Second Word: Titillate
I actually love this word. It's so onamonopiaticaly perfect. It means exactly what it sounds like, and exactly what you think it means, and really, is there anything more titillating than boobies?

Third Word: Lassitude
It means weariness. I sip coffee and surf the internet in my morning lassitude. If this one pops up, then I will personally change my business card to read "Professional Word Stylist"

Fourth Word: Sanguine
This one caught me by surprise because I assumed it meant melancholy, but it doesn't. It actually means hopeful. Not to be confused with sanguinary which means blood thirsty, but it is possible, as I consider all the writing I have to do today, in my morning lassitude, that rather than being daunted by the whole process, I can be sanguine about it.

The funny will come.

Fifth Word: Beatitudes
If you didn't grow up going to church, then you probably know this word as being something churchy. If you did grow up going to church then you probably have some vague memory about the beatitudes being something that someone said at one point or another. Hell, you may even know exactly what these are and are comforted by that fact, but for those who don't . . .

So this dude Jesus comes back from 40 days/nights in the wilderness and delivers what is later known as "The Sermon on the Mount" (Starting to sound familiar?)

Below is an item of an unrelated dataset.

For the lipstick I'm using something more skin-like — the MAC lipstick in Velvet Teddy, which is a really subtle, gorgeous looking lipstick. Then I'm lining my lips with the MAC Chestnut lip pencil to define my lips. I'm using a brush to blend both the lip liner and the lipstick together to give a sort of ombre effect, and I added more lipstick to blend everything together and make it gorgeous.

In that sermon he delivers the eight Beatitudes (Blessed are the poor, the meek, the peacemakers, yaddayaddayadda . . . )

You know what I'm talking about.

If you've forgotten, Google it. Won't take long. It's not a proclamation or a set of laws as much as it is a simple plea to recognize the good in one another. A call for social awareness that has been widely acclaimed to be the most delicately kind of all the major philosophies.

Nietzsche is one of the few people to have negative things to say about them. But he was a dick.

What caught my eye wasn't necessarily the beauty or simplicity (though there's that) or even the hard to miss point that Jesus was a hippy socialist (though there's that too), it was the fact that the Beatitudes get so little air time.

In a world dominated by the dogmatic laws of the Ten Commandments and humorless reactions to the image of the Prophet Muhammad, it really answers the question about what's so funny about peace love and understanding.

I impugn you to consider what might be, if a dead, seemingly avuncular king exhibited even one of Jesus' blessed traits?

What might be, if instead of Brady's deflated balls, we had the Beatitudes on the tips of our tongues?

The thought almost titillates me in my sanguine lassitude.